Register of local development orders

41.—(1) The register kept by each local planning register authority under article 40 must also include as Part 3 a Part relating to local development orders.

(2) Part 3 of the register must consist of 2 sections—

(a)the first section of Part 3 must contain copies of draft local development orders which have been prepared but not adopted by the authority; and

(b)the second section of Part 3 must contain—

(i)copies of local development orders which have been adopted by the authority;

(ii)particulars of the revocation of any local development order made by the authority, including the date on which the revocation took effect; and

(iii)particulars of the revision of any local development order, including the date on which the revision took effect.

(3) A copy of each draft local development order must be placed on the register when the draft is sent for consultation in accordance with article 38(3).

(4) A copy of each local development order must be placed on the register within 14 days of the date of its adoption.

(5) A requirement under this article to place a copy of a draft order or order on the register includes a requirement to do the same with the statement of reasons for making that order.

Register of neighbourhood development orders

42.—(1) The register kept by each local planning register authority under article 40 must also include as Part 4 a Part with two sections relating to neighbourhood development orders.

(2) The first section of Part 4 must contain copies of draft neighbourhood development orders which have been submitted to the authority by a qualifying body and not finally disposed of and such of the following as have been submitted with each such order—

(a)a copy of any plan or statement identifying the land to which the proposal relates;

(b)copies of any other accompanying plans or drawings;

(c)copies of any planning obligation or section 278 agreement entered into, or proposed to be entered into, in connection with any planning permission proposed to be granted by the draft neighbourhood development order; and

(d)in the case of a draft community right to build order, details of any enfranchisement rights which the qualifying body proposes are not exercisable, and the properties, or types of properties, in relation to which those rights are not exercisable.

(3) For the purposes of paragraph (2), a draft neighbourhood development order is not finally disposed of unless and until—

(a)the proposal for the order has been withdrawn before the authority have made a decision under paragraph 12 of Schedule 4B (consideration by authority of recommendations made by examiner etc)(81) or paragraph 10 of Schedule 4C (examination of proposals for community right to build orders etc) to the 1990 Act;

(b)the authority have refused the proposal for the order in accordance with paragraph 6(4) of Schedule 4B to the 1990 Act (consideration of proposals by authority);

(c)the order has not been made following a referendum because a majority of persons voting have not voted in favour of it, or as a result of a decision made under section 61E(5) or (8) of the 1990 Act (neighbourhood development orders)(82); or

(d)the order has been made (with or without modifications).
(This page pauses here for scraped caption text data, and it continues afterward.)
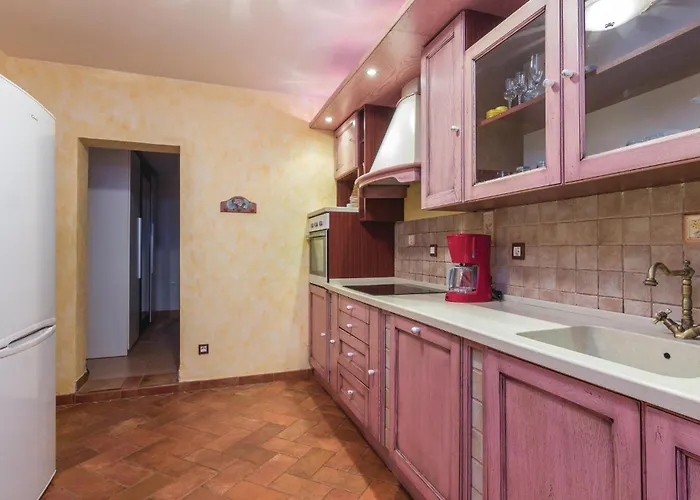 Hébergement de vacances Gorgeous In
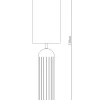 Tova Wooden Floor Lamp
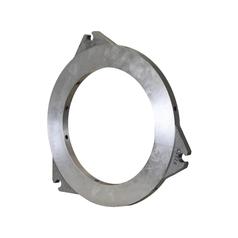 Intermediate Brake Disc, OD: 320mm. 2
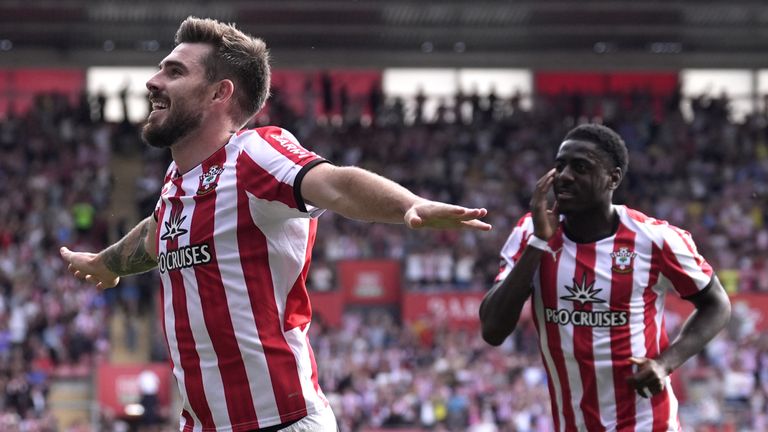 Southampton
(4) The second section of Part 4 must contain copies of neighbourhood development orders which have been made by the authority and with respect to each such order—

(a)a copy of any accompanying plan or statement identifying the land to which the order relates;

(b)copies of any other accompanying plans or drawings;

(c)if the order is revoked, particulars of the revocation, including the date on which the revocation took effect;

(d)the date on which any subsequent approval is given which the order specifies is required;

(e)a copy of any planning obligation or section 278 agreement entered into in connection with any planning permission granted by the order; and

(f)in the case of a community right to build order, details of any enfranchisement rights which are not exercisable and the properties, or types of properties, in relation to which those rights are not exercisable.

(5) A reference in this article to a copy includes a reference to a copy in photographic or electronic form.

Register of enforcement and stop notices and other enforcement action

43.—(1) A register under section 188 of the 1990 Act (register of enforcement and stop notices and other enforcement action)(83) (“the enforcement register”) must contain the following information with respect to every planning enforcement order made in relation to land in the area of the authority maintaining the register(84)—

(a)the address of the land to which the order relates or a plan by reference to which its situation can be ascertained;

(b)the name of the applying authority;

(c)the name of the court that made the order;

(d)the date on which the court’s decision to make the order was given;

(e)the day which marks the beginning of the enforcement year for the order;

(f)the day which marks the end of that year;

(g)information on any postponement of the day which marks the beginning of the enforcement year for the order by reason of section 171BA(4) of the 1990 Act (time limits in cases involving concealment)(85) and the date of the final determination or withdrawal of any application;

(h)the apparent breach of planning control identified in the order; and

(i)in relation to any enforcement notice issued or breach of condition notice served in respect of that breach, details of where in the register the information specified in paragraphs (2) and (3) in relation to that notice is to be found.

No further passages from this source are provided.